Over the following eight years, theater revenues made a stark U-turn as movie attendance declined by more than 30 percent. Was there simply a protracted series of box-office flops? Economist Ricard Gil says it's Spanish policymakers, not filmmakers, to blame for this turnabout. In a study published in April in Economic Inquiry, Gil and co-author Fernanda Gutierrez-Navratil, who was a visiting scholar and postdoctoral researcher at the Carey Business School, argue that there was a clear correlation between the 2002 deregulation of the country's television industry and the slump in movie ticket sales that followed. Gil, an associate professor at the Carey School, calls the phenomenon "the unintended consequences of laws," meaning that even laws passed with the best of intentions and goals can have unanticipated impacts that could prove harmful or disruptive.
Driven largely by philosophical differences with the policies of earlier, left-leaning administrations, a conservative government worked in the early aughts to deregulate Spanish broadcasting, removing long-standing restrictions on the number of local TV stations allowed to operate in towns and cities and permitting them to form networks.

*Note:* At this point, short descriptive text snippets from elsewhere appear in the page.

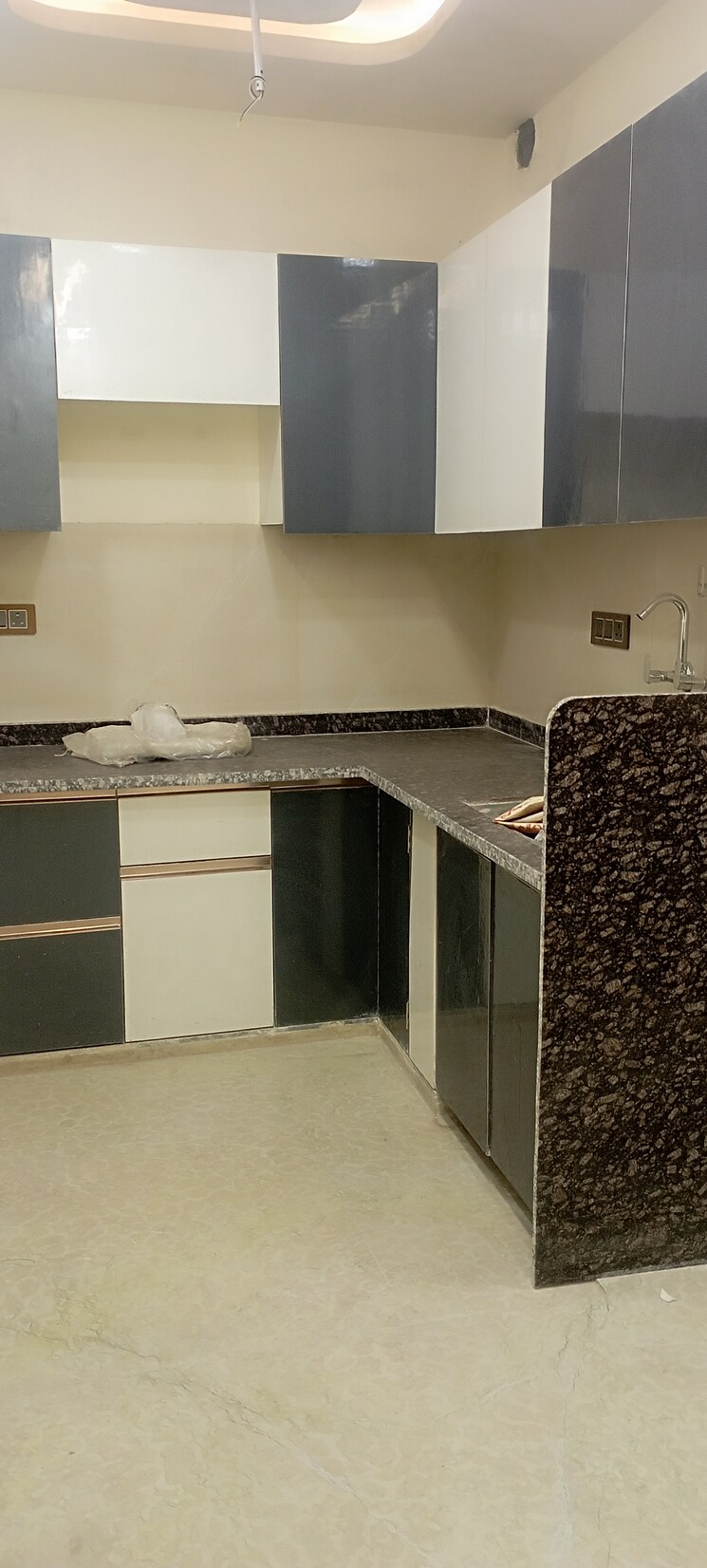Kitchen, shastri nagar 3 Bedroom 1000 Sq.Ft. Builder Floor In Shastri Nagar Delhi 8162120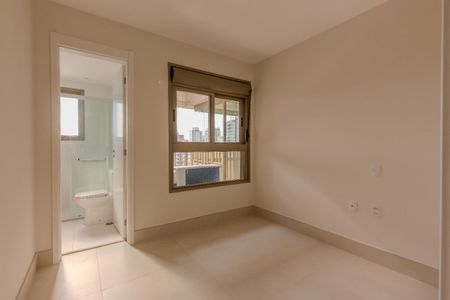 Apartamento para alugar com 2 quartos, 80m² em Indianópolis, São Paulo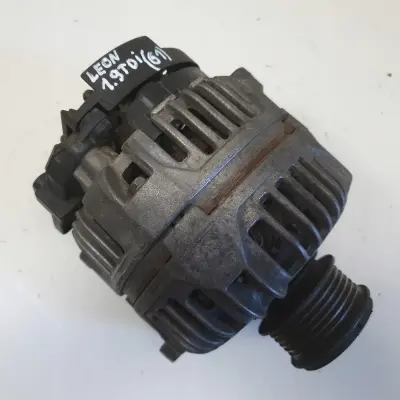 Audi A3 8L Golf IV Seat Leon 1.9 TDI ALTERNATOR 028903028E 90A
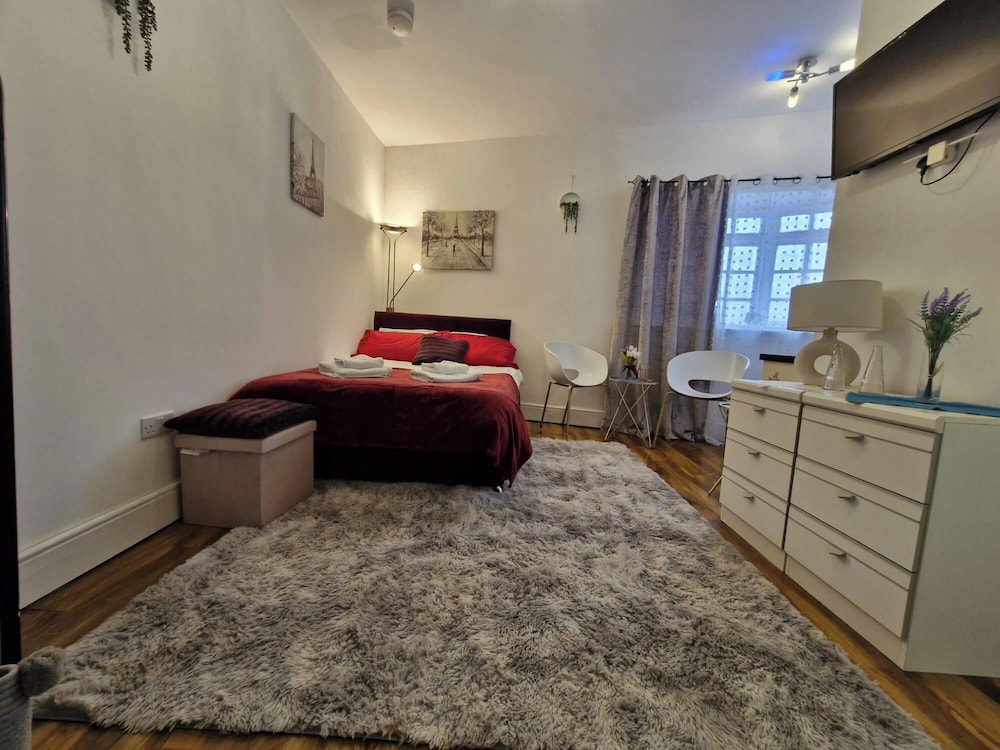 Seaside Bliss Apartment for Style and Comfort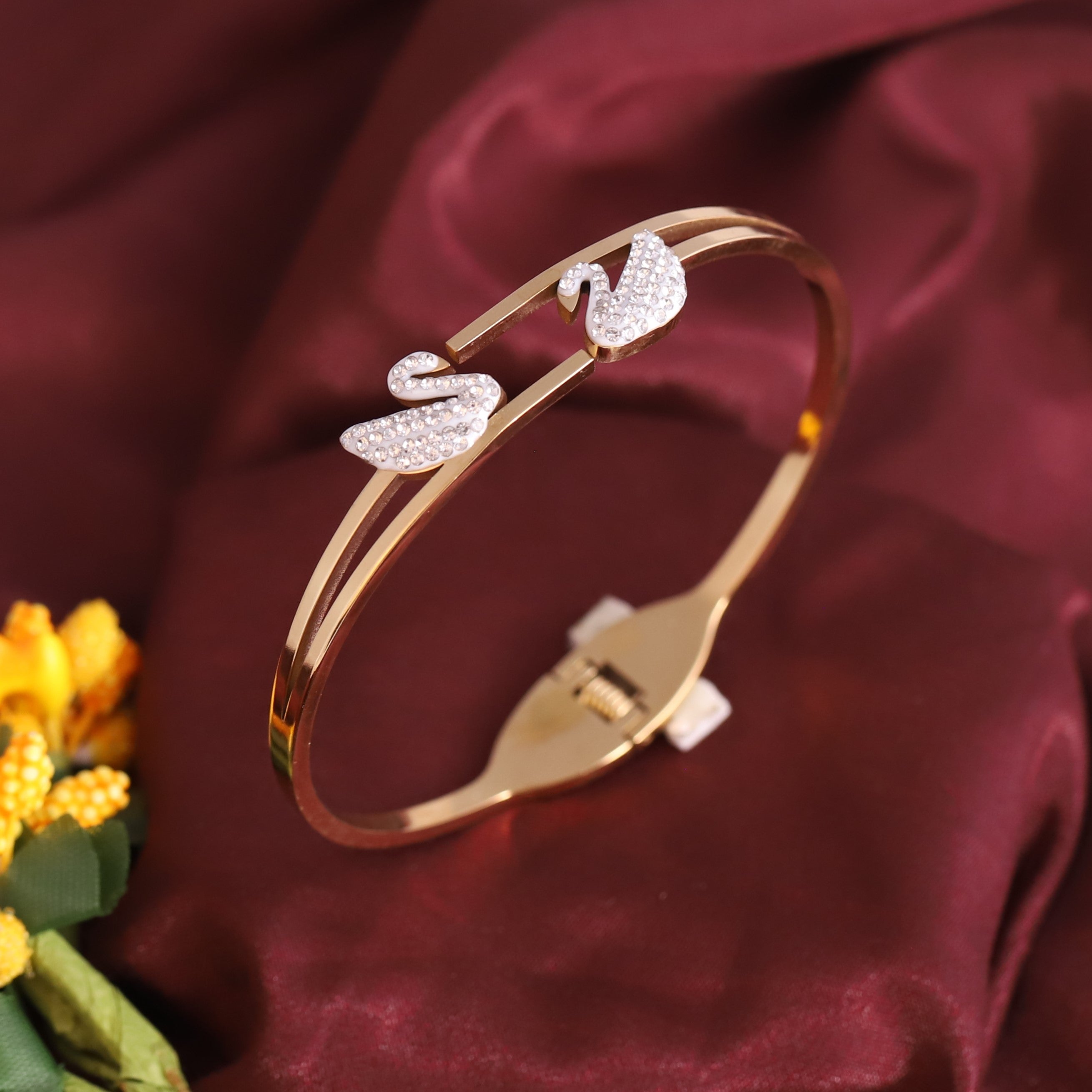 Gold-Plated Stainless Steel Bracelet – Openable, Unisex & Skin-Friendly (GOLD)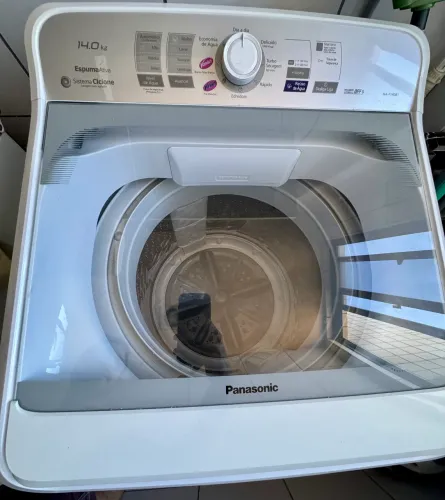 Máquina de lavar Panasonic 14kgs muito nova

The unshackled industry expanded, and consumers were rewarded with more local stations and diverse programming, all in the comfort of their homes. This was the predicted and desired outcome. But "when they deregulated the local TV industry, they never paid much attention to what that would do to the movie theater industry," Gil says. "In the end, the consumers of TV are the same as consumers of other media, like movies." Movie ticket sales dropped off, even forcing some theaters to close. Gil, who has been studying the Spanish film and television markets for nearly a decade, goes so far as to speculate that reduced film revenue might ultimately mean fewer domestic, Spanish-language movies get produced—for TV and the cinema—in a market already dominated by imported American films.
For another example, Gil turns to Argentina, where in 2009 the government began to subsidize soybean production. The goal was to stabilize business conditions for soy farmers buffeted by price fluctuations. What lawmakers didn't anticipate was a sharp decline in beef production as many cattle farmers, enticed by the new policy, switched to raising soy instead. Meat prices soared. "Argentines really enjoy having steak, but after this, they couldn't afford to," Gil says.
While it would be impossible to anticipate and account for every outcome of a new law, Gil asserts that policymakers should be more thoughtful and cautious with their free-market interventions, whether regulating or deregulating. "Thinking that changes in regulation will not have an indirect impact in other industries through demand and supply channels is just naive," he says.
What could lawmakers in Madrid have done to avoid setting up a bruising screen clash? They could have deregulated more slowly, Gil suggests, allowing movie theaters greater time to adapt to the changing marketplace. Or, they could have looked at lessening regulations or tax burdens on theater operators. "A potential alternative could have been to time the deregulation differently across regions," Gil adds, noting that the ratio of TV stations to movie theaters varies widely across the country and the pace of deregulations could have varied according to local conditions. There are lessons here for the private sector too, Gil adds. Businesses should be aware of the marketplace advantages they gain from laws that hamper competition. Perhaps the spike in Spanish theater growth would have been less extreme "if movie theaters had understood their profits came from lack of competition of local TV stations, instead of superior offerings to consumers," Gil says.